The Deloitte Global Trends in Corporate Governance (2015) identified the governance of Information Technology as an emerging issue in Corporate Governance. Although the Financial Intelligence Centre Act (FICA) has opened the door for better management of information, providing further guidelines to Directors would amplify companies’ understanding.   

Seven years have passed since King III became effective so the old practices are no longer in line with the way that technology is now used.  Gretha Carr, Candidate Attorney at Gillan & Vehldhuizen, adds, “Understandably, the new Corporate Governance guidelines had to consider the development and importance of technology in the modern corporate landscape.”  Principle 12 sets out guidelines, emphasising the need for responsibility and policies to ensure information security and management. 

Another amendment worth noting is that although there is a new emphasis on the roles and responsibilities of stakeholders, it is submitted that other legislation, such as the Companies Act 71 of 2008 and Labour Laws, have already moved South Africa to a stakeholder-inclusive approach. 

As such, it is suggested that the new emphasis on outcomes will result in a shift in how companies approach Corporate Governance. The Code sets out the ultimate desired results, these being Ethical Culture, Good Performance, Effective Control and Legitimacy, and thereafter outlines principles that could assist in their achievement.

By way of example, the desired outcome of Effective Control is supported by, inter alia, the following Principles:

Principle 6: The governing body should serve as the focal point and custodian of corporate governance in the organisation.Principle

7: The governing body should comprise the appropriate balance of knowledge, skills, experience, diversity and independence for it to discharge its governance role and responsibilities objectively effectively.Principle

8: The governing body should ensure that its arrangements for delegation within its own structures promote independent judgement, and assist with balance of power and effective discharge of its duties.

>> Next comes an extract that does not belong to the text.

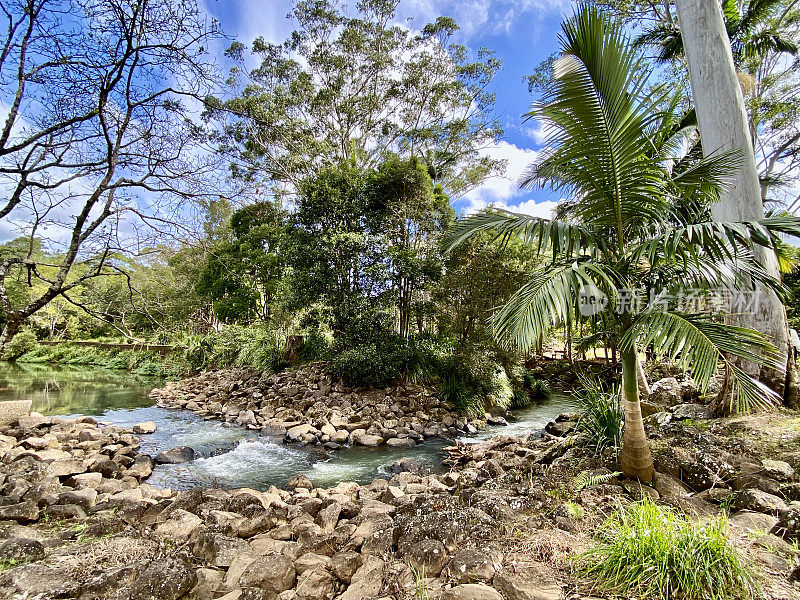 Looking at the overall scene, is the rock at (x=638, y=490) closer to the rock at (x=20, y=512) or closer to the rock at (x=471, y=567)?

Principle 10: The governing body should ensure that the appointment of, and delegation to, management contribute to role clarity and effective exercise of authority and responsibilities. 

These principles are then, in turn, supported by practices that would ensure compliance with the Code. King IV’s emphasis on consequences and principles seems to conform to the overall effort to make Directors more accountable. 

Whilst mostly voluntary, it does benefit companies to apply King IV as far as possible so as to ensure adherence to international standards and best practices.  Regardless, when it comes to matters of the King (IV), the philosophy of the code remains the same, that of leadership, sustainability and good corporate citizenship.